Plaintiff, Ove Gustavsson Co. Inc., a New York corporation, appeals from an order and summary judgment in an action against certain officials of the federal Government, in their individual capacity, for damages caused by the alleged wilful and malicious acts' of these officials in filing allegedly false reports concerning Gustavsson’s performance of a Government construction contract, as a result of which reports the contract was cancelled. While the complaint was dismissed in its entirety, the appeal brings up for review only the summary judgment for defendants on the second claim for relief set forth in the complaint. Gustavsson also appeals from the order, made simultaneously with the granting of the summary judgment, denying Gustavsson’s motion to sever the action and remand the second claim for relief to the New York Supreme Court, Queens County, where the action was commenced and from which it was removed to the United States District Court for the Eastern District of New York, pursuant to the provisions of 28 U.S.C. § 1442(a) (1). The opinion of Judge Zavatt is reported at 187 F.Supp. 839. We affirm.
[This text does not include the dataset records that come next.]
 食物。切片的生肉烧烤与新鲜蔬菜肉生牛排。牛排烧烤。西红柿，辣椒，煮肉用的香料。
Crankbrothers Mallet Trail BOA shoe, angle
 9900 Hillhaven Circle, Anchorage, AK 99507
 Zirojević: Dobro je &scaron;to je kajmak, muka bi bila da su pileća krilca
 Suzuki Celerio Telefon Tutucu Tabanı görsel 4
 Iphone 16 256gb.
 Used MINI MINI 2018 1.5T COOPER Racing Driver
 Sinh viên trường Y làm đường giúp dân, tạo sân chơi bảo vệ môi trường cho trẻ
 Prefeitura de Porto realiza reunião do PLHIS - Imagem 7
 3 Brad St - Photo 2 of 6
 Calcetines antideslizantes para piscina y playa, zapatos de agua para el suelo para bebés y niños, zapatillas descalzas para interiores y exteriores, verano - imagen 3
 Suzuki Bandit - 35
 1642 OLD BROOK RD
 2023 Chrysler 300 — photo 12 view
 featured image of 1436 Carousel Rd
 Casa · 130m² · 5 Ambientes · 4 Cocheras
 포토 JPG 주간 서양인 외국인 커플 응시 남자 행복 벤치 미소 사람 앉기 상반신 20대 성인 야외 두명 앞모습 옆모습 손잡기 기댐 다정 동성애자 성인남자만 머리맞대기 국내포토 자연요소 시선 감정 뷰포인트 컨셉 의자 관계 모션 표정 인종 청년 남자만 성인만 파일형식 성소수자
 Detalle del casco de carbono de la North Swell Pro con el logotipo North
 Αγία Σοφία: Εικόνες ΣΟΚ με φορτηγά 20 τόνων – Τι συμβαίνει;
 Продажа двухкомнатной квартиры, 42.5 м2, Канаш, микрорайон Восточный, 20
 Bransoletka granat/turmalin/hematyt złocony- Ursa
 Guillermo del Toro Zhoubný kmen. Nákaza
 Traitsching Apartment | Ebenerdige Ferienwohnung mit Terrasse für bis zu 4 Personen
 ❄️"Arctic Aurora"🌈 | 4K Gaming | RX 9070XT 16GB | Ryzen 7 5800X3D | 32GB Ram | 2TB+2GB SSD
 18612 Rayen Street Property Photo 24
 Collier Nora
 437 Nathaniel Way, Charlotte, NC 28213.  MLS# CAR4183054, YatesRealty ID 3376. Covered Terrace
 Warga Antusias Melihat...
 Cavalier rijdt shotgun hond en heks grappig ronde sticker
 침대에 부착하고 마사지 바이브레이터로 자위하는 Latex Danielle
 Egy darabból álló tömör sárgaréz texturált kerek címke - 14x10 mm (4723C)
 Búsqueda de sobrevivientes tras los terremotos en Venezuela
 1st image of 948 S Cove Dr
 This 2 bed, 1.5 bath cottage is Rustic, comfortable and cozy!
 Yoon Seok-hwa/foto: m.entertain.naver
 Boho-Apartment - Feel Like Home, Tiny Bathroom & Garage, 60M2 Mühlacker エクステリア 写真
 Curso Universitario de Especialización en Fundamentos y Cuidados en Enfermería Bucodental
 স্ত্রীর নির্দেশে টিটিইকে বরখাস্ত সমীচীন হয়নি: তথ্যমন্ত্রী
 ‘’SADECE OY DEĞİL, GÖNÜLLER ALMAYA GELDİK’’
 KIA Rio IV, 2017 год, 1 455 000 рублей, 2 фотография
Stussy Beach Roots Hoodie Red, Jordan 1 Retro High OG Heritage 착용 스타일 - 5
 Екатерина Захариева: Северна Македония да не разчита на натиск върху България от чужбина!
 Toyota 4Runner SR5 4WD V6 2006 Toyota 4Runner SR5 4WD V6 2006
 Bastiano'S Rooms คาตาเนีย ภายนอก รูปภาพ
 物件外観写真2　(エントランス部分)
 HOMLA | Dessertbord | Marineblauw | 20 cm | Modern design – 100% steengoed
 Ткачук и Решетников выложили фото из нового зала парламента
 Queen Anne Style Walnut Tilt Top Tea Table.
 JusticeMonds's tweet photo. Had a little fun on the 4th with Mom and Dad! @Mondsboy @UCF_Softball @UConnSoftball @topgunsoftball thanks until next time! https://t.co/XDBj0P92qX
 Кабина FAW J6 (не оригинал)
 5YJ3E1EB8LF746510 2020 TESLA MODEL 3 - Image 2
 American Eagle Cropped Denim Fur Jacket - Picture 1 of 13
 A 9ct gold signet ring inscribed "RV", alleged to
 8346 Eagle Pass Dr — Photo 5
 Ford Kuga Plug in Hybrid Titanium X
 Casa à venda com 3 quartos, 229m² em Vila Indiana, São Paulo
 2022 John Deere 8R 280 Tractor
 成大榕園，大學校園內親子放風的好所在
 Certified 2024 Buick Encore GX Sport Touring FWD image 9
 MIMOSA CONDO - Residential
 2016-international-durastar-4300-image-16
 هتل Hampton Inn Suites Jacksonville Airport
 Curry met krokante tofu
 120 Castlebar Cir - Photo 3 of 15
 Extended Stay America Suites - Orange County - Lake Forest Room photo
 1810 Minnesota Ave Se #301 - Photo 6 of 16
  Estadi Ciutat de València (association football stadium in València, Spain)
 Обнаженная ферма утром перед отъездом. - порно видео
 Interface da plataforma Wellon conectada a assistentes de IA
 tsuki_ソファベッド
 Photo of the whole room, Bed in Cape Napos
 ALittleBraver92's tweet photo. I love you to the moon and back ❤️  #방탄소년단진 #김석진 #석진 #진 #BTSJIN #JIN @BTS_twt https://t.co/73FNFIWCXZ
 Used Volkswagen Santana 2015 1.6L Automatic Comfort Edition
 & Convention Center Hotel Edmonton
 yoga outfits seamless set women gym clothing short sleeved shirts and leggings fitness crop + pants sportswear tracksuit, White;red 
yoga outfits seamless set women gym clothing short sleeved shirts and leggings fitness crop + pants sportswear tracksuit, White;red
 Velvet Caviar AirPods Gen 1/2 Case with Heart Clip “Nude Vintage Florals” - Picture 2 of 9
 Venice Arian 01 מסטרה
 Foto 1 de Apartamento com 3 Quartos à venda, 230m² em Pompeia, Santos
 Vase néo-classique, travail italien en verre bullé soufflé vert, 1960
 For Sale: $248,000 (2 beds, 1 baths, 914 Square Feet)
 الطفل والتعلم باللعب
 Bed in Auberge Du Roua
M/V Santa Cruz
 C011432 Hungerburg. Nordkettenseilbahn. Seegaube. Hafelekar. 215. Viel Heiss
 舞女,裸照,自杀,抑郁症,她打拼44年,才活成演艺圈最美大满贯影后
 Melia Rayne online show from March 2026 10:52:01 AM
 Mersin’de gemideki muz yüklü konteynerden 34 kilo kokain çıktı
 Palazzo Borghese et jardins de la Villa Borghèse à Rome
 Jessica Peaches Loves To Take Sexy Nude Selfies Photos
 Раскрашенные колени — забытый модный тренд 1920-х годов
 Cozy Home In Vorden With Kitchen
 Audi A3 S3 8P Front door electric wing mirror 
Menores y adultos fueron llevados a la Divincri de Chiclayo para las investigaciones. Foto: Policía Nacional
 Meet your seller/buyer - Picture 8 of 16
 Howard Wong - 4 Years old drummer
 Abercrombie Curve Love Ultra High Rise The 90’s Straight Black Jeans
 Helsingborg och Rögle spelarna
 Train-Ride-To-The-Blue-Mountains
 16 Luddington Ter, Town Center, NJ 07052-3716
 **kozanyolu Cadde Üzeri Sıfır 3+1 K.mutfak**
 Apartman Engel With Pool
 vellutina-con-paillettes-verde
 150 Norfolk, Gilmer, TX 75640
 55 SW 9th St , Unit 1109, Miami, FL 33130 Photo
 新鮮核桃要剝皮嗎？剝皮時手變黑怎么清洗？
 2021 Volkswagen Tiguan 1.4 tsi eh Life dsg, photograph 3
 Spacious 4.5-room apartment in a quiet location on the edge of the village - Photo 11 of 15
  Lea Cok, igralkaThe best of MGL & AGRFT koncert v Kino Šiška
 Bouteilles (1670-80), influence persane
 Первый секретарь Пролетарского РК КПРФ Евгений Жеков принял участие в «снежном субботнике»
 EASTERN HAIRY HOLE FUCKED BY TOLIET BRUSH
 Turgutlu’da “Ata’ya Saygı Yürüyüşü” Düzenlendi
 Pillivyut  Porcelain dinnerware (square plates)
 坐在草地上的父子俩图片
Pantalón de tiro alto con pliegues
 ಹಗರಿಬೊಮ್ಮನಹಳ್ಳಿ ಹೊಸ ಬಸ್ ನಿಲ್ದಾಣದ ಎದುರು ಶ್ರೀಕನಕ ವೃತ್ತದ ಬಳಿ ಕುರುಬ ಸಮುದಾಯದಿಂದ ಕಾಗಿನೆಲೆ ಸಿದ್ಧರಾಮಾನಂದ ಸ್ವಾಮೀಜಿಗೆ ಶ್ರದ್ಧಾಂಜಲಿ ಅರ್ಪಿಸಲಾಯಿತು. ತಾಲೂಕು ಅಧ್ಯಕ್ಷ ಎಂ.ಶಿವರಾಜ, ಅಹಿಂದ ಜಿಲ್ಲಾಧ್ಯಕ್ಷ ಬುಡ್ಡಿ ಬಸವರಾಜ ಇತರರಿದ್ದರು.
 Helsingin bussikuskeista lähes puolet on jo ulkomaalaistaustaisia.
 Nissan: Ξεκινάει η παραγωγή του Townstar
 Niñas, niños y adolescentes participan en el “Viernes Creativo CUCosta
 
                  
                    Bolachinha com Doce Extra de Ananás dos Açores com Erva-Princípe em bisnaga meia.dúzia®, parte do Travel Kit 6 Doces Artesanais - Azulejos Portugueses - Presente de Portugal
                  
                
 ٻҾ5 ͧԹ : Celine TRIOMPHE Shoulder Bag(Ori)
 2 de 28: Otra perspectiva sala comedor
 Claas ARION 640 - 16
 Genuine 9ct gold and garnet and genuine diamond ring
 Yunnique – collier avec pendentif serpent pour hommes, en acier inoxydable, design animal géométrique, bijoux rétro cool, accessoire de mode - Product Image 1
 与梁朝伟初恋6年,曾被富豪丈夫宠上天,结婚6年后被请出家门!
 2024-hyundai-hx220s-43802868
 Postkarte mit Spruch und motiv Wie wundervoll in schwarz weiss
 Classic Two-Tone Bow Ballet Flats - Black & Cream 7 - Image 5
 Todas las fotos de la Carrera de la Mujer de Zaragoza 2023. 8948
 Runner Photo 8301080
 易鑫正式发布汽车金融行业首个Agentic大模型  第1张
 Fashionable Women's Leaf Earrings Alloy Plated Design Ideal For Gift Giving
The United States needed a dehumidification hutment at Burlington, New Jersey, for the protection and storage of precision machinery, and on May 28, 1958 Gustavsson entered into a contract with the Government for the construction of the required hutment. A hutment is an enclosed area in a warehouse built by joining panels of sheet metal together, and the one contracted for was to be equipped with dehumidification units. The contracting agency for the Government was the General Services Administration; defendant Brennan was the Contracting Officer and defendant Boyd was his Assistant. Floete, a defendant in the first claim for relief only, was Administrator of the General Services Administration. The original completion date was October 2, 1958, ninety days after Gustavsson received notice to proceed. Although some equipment had arrived at the job site by October 2, the *657work was far from completion and the contracting office of the General Services Administration had granted Gustavsson an extension. While the cause of further delay is a matter of dispute between the parties, it is clear that even as late as January 12, 1959, Gustavsson had failed to complete the construction work called for by the terms of the contract.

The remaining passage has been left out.